> _Exercise data_:

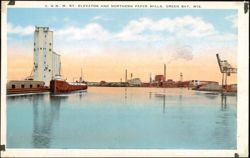 C. & N. W. Ry. Elevator & Northern Paper Mills Postcard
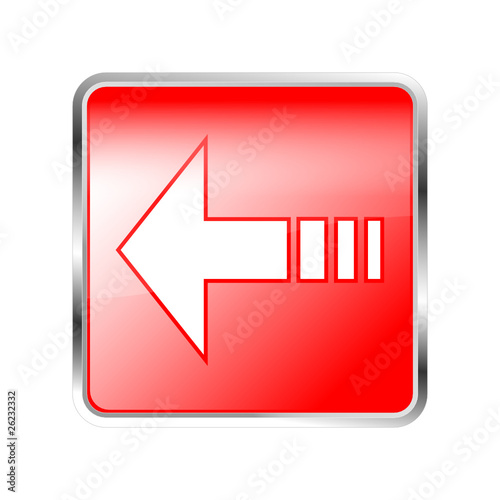 Button Pfeil links rot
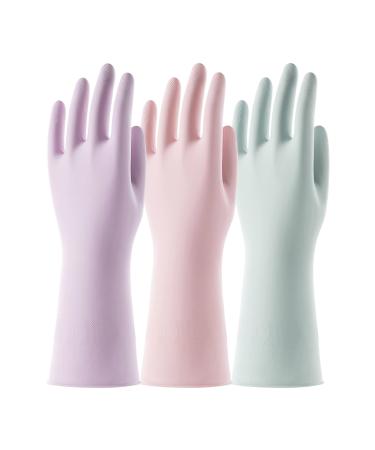 COOLJOB 3 Pairs Reusable Rubber Gloves for Dishwashing Cleaning Bleaching Grippy Latex Dish Washing Gloves with Flocked Cotton Liner Water Resistant Household Gloves for Kitchen Bathroom Small Small (Pack of 3) Assorted Colors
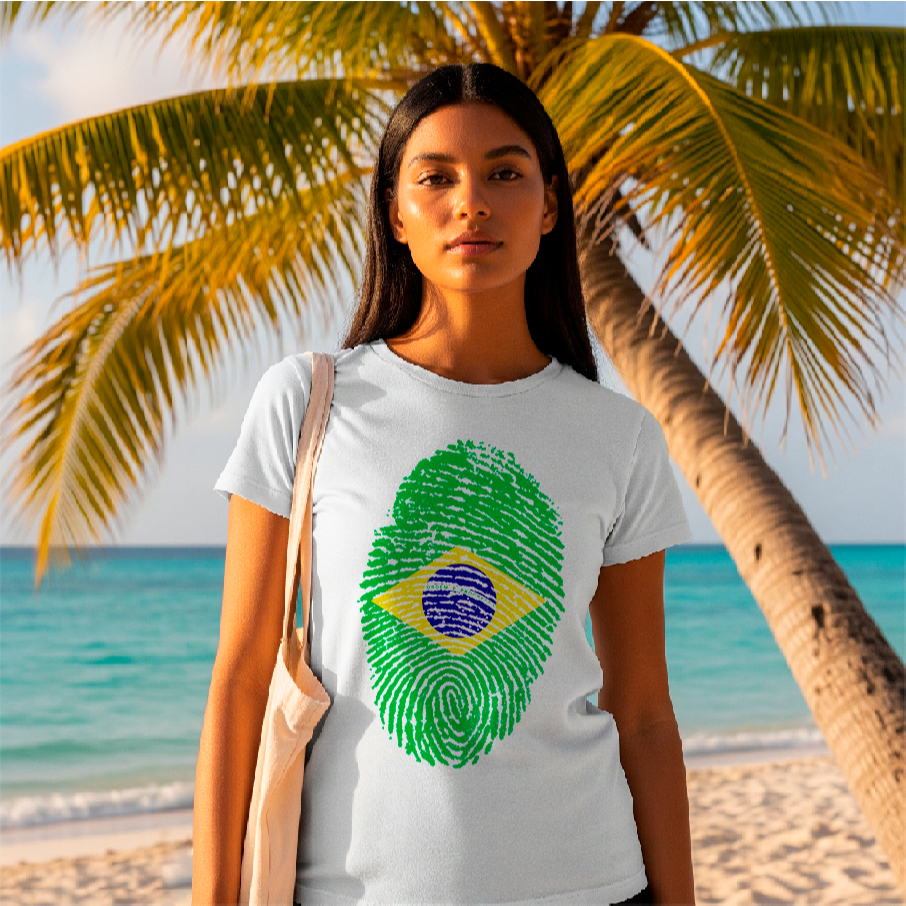 Camiseta Básica para o Verão Bandeira Digital do Brasil para Copa do mundo 2026 Blusa 100% Algodão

> _The problem_: Starting at the line with "Button Pfeil links rot", transcribe the listing above exactly through its last line. No picture belongs in the transcription.

> _Solution_:
 Button Pfeil links rot
 COOLJOB 3 Pairs Reusable Rubber Gloves for Dishwashing Cleaning Bleaching Grippy Latex Dish Washing Gloves with Flocked Cotton Liner Water Resistant Household Gloves for Kitchen Bathroom Small Small (Pack of 3) Assorted Colors
 Camiseta Básica para o Verão Bandeira Digital do Brasil para Copa do mundo 2026 Blusa 100% Algodão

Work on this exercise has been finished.